Les archéologues ont découvert dans les civilisations anciennes des vestiges et artefacts évoquant l'engouement et le pouvoir d'attraction exercés par les jeux de hasard. Les jeux de dés ou de tarot, parmi d'autres, remplissaient une fonction de clairvoyance, à la manière des arts divinatoires actuels tels que la cartomancie, les feuilles de thé et la boule de cristal. Souvent empreints d'un sens religieux profond, ces amusements servaient principalement à prédire et à interpréter la volonté des dieux.
Démocratisation des jeux
Étant perçus comme une déchéance, les jeux de hasard et d'argent ont pendant longtemps été prohibés avant de s'imposer. Démocratisés, ils ont envahi l'espace ludique des adultes de tous âges et de tous milieux sociaux. Ils ont même fait leur niche sur Internet. Au dépanneur du coin, la consommation des cartes à gratter ou des billets de loterie fait office de rituel quotidien, tandis que les casinos, ces nouveaux temples de la postmodernité, rayonnent comme lieux de culte dédié à l'argent.
N'étant plus l'apanage des aristocrates ou des riches rentiers, ces jeux tirent l'essentiel des bénéfices du nombre élevé de petits joueurs. Or ils rapportent gros. Au Canada seulement, les montants annuels injectés dans l'économie légalisée du jeu dépassent le chiffre astronomique de 30 milliards de dollars.
Ces divertissements de masse ne sont pas malsains en soi, pour autant qu'on s'y consacre avec retenue et qu'ils ne constituent pas l'unique source de loisir. Ils mettent à l'épreuve les habiletés de concentration et de mémorisation, encouragent les sorties en groupe, aident à nouer de nouveaux liens sociaux, en plus de divertir et de combattre l'ennui ou la solitude. Ces avantages sont fort prisés par les aînés. En revanche, les jeux passifs (vidéopokers, billets de loterie, gratteux) n'entretiennent que l'espoir souvent déçu d'un gain facile.
Philippe Bouvard faisait remarquer que le jeu permet de tout oublier, y compris qu'on n'a pas les moyens de jouer. En effet, l'essence même du risque qui s'y rattache, c'est de passer inaperçu. Comme la pièce de monnaie, le jeu d'argent comporte donc deux faces. Son côté reluisant est source de plaisir. Son côté terne nous rappelle le danger de développer une dépendance psychologique et de vivre des déboires personnels et familiaux. Endettement, faillite financière, toxicomanie, maladie, délit criminel, rupture conjugale et suicide figurent parmi les redoutables périls du jeu pathologique.

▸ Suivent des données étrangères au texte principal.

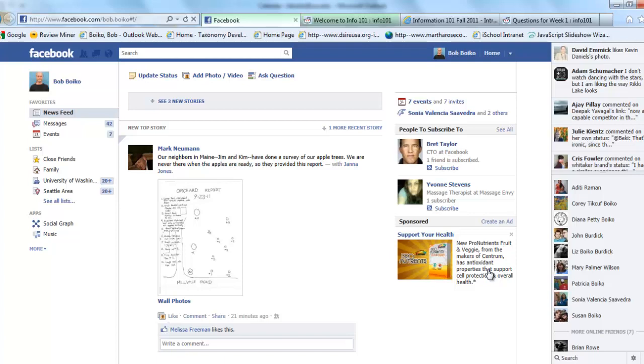I want you to instead imagine that you're at a control panel, that you're sitting looking at the dashboard of your car, for example, or even better, you're sitting at the dashboard of some rocket ship, and this thing in front of you is not Facebook.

Signalons au passage que plusieurs personnes découvrent les jeux d'argent une fois à la retraite et que les sommes jouées augmentent avec l'âge. Les 55 ans et plus fréquentent plus que jamais les casinos, bien que leurs préférences demeurent dirigées vers le bingo et les loteries. En Estrie, les adeptes féminines du jeu, dans cette même tranche d'âge, représentent près de 30 % des joueurs, comparativement à 17 % chez les hommes. Dans notre région, on estime à 5 % la proportion des joueurs excessifs, ce qui représente plus de 4000 individus.

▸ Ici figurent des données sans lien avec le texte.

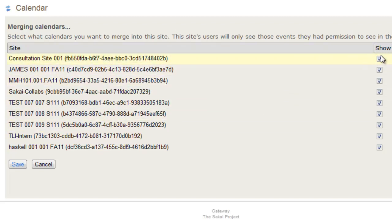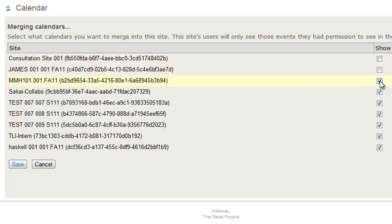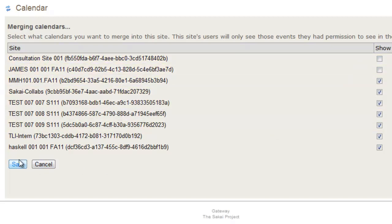What you'll need to do is deselect the ones you don't want and keep the ones that you want aggregated here selected. When you're done, click Save.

L'État, marchand d'illusions
Au vu des tendances de clientèles, Loto-Québec courtise de façon particulière les aînés, d'autant plus que leurs effectifs sont en hausse et que la génération des baby-boomers est financièrement plus à l'aise que les précédentes. Loto-Québec, certains clubs de l'âge d'or et d'autres agences privées organisent même des voyages de groupe vers les casinos, qualifiés de «busload of fun». Des incitatifs alléchants peuvent être proposés, comme des points privilèges échangeables contre de l'argent, le droit d'entrée, des cartes fidélité ou des coupons repas. Les automobilistes, de leur côté, ont accès à un espace de stationnement garanti et gratuit. Bref, tout est mis en place pour susciter de la bonne humeur et pousser à dépenser.

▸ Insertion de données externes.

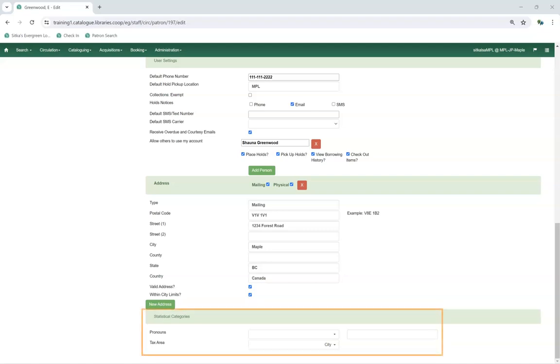The Statistical Categories section is where values can be set for patron statistical categories. Statistical categories enable libraries to capture additional information about patrons that is not otherwise part of the patron account. For more information on creating and using patron statistical categories, see our video, Patron Statistical Categories. Thank you for watching this video. For more information, please visit the BC Libraries Cooperative website.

Or, dans une société qui proclame haut et fort se soucier du bien-être et de l'épanouissement des aînés, on s'attendrait à ce que ces derniers reçoivent, pour d'autres types d'activités, la même qualité d'attention que celle prodiguée dans les casinos. Au lieu d'orchestrer les pratiques douteuses décrites précédemment, pourquoi l'État ne pose-t-il pas à leur égard des gestes d'appui et de reconnaissance? Il pourrait s'agir notamment d'alléger leurs frais de transport en commun ou de stationnement dans les lieux publics, comme les hôpitaux, les CLSC, y compris les lieux culturels.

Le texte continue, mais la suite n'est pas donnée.